Records contained in a dataset
'''
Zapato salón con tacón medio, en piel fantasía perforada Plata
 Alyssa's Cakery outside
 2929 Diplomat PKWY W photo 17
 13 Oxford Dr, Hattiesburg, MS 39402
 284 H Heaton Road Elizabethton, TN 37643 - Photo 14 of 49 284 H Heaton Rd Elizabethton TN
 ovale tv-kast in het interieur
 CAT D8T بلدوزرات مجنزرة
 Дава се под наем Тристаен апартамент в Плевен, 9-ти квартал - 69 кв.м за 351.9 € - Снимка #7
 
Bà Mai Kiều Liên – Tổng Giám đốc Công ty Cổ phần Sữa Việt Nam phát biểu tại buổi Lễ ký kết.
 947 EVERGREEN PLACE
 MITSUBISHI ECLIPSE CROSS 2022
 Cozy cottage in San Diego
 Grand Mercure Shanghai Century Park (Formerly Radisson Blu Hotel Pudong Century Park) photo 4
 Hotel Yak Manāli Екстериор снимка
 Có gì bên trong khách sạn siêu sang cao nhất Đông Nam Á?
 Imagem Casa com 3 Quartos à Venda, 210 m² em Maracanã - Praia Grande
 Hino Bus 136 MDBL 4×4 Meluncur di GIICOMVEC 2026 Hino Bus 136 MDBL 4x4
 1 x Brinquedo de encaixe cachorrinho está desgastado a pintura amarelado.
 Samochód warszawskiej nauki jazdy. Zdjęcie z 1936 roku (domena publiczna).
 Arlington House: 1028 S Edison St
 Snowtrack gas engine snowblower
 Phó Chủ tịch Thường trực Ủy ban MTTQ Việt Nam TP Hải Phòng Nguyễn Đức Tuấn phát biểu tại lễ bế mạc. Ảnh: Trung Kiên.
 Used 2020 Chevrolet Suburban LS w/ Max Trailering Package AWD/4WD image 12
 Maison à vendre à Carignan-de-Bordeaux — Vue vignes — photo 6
'''
> Work to be completed: Reproduce only the lines above, starting at the line with "Hotel Yak Manāli Екстериор снимка" and ending at the line with "Samochód warszawskiej nauki", exactly as written.

> Solution for this exercise:
 Hotel Yak Manāli Екстериор снимка
 Có gì bên trong khách sạn siêu sang cao nhất Đông Nam Á?
 Imagem Casa com 3 Quartos à Venda, 210 m² em Maracanã - Praia Grande
 Hino Bus 136 MDBL 4×4 Meluncur di GIICOMVEC 2026 Hino Bus 136 MDBL 4x4
 1 x Brinquedo de encaixe cachorrinho está desgastado a pintura amarelado.
 Samochód warszawskiej nauki jazdy. Zdjęcie z 1936 roku (domena publiczna).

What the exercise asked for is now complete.